Because most of the time, the ambush approach damages the pastor … his family … the congregation … and the board itself.

*It damages the pastor.  I’ve spoken with pastors who told me, “I was fired after the morning service.  I had absolutely no idea that my job was in jeopardy.  And to this day, I still don’t know what I did wrong.”  Ambushed pastors hurt for months … and sometimes years.

*It damages the pastor’s family.  The pastor’s wife goes from being a somebody to a nobody over night.  She loses many if not most of her church friends.  She loses her ministries … feels unstable … and doesn’t know who she can trust anymore.  And above all, she watches her husband suffer in great sorrow.

The pastor’s kids lose their church friends … some friends at school … and their status in the community.  Sometimes they are so devastated that they don’t want to attend church again.  It’s just too painful.  They feel like they were fired, too.  As a child, when my dad suddenly resigned as pastor, I wondered, “How are we going to have the money to survive?”

*It damages the congregation.  God’s people don’t know why the pastor was dismissed … don’t know who they can talk with … don’t know how to relate to the pastor and his wife anymore … and don’t know what’s happening to their church.  The anxiety from the board is passed on to the congregation as a whole.

*It damages the board.  Firing the pastor dramatically might temporarily relieve collective board anxiety, but when angry people from the church start calling various board members … when members demand that the board explain their position in public … when good people quickly leave the church … when the offerings take a nosedive … when ministries collapse for lack of volunteers … when morale plunges for months … when the board has to make many of the decisions the pastor would normally make … the board will discover that firing a pastor creates as many or more problems than it solves.

Is there a better way to deal with a pastor than the ambush approach?

I believe there is.

Years ago, a friend who was a Christian attorney introduced me to this phrase: “corrective progressive action.”

He told me that when a board isn’t pleased with their pastor, they should engage in CPA.

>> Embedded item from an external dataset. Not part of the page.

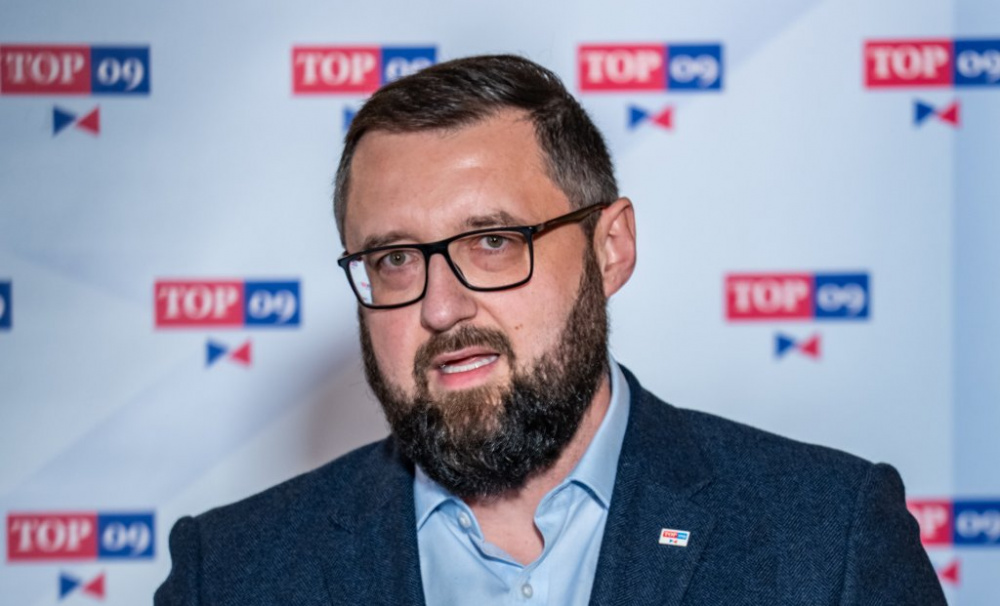 Otys: Bez Ukrajinců by se česká ekonomika zadrhla. Okamura nabízí recept na chaos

Someone on the board … maybe the chairman … says this to the pastor:

“Pastor, we love you, and we believe that God called you to our church.  We’ve seen your ministry bear fruit in a number of areas, and for that, we are very grateful.  But we have a concern about a specific area (a) in your life, or (b) in your ministry.”

Board members should then share with the pastor in a kind but truthful way what their concerns are.

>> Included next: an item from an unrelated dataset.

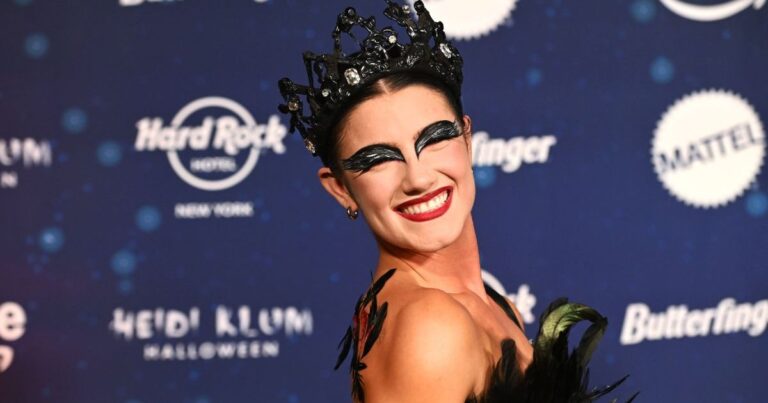 La robe de Charli D'Amelio faite de cheveux a pris 100 heures à faire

The pastor should be allowed at this point to ask questions … to ask for evidence … and to explain his side.

But if the board isn’t satisfied with his response, they have the right to say to him:

“We’d like to see improvement in this area over the next six months.  [It’s very difficult for anyone … much less pastors … to make changes in their lives in a 2-3 month time frame.  Six months is much more realistic.]  We’d like you to stop doing this … start doing this … do this differently … or produce this result.  We will monitor your progress this way … and reevaluate matters in six months.”

Now if I’m a pastor, and I want to stay at that church, I’m going to do all in my power to make the necessary corrections.

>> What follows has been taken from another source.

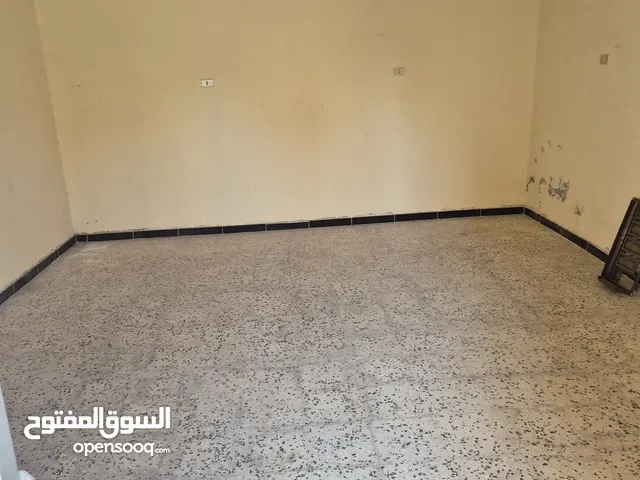 مخزن أو محل للايجار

But if I don’t want to stay there … especially if I feel that the board is being unfair … the board has now given me a six-month head start to find a new ministry.

Yes, the board might still feel uneasy about the pastor.  Some might even feel that the pastor can’t change and that letting him stay is just delaying the inevitable.

But if the pastor finds another ministry … or resigns voluntarily … the board won’t be blamed for his departure, and they can plan for the church’s future much more successfully.

In addition, the board will have demonstrated the Christian virtues of patience, kindness, peace, and love.

I’m with the family systems experts on this one.  I believe that many board members fire their pastor without warning because they are anxious … and when they do so, they are saying far more about themselves than they are about their pastor.

It’s better for the board to spell out their concerns clearly, but take matters a bit slower … believing that even a pastor can change when prompted by love and God’s Holy Spirit.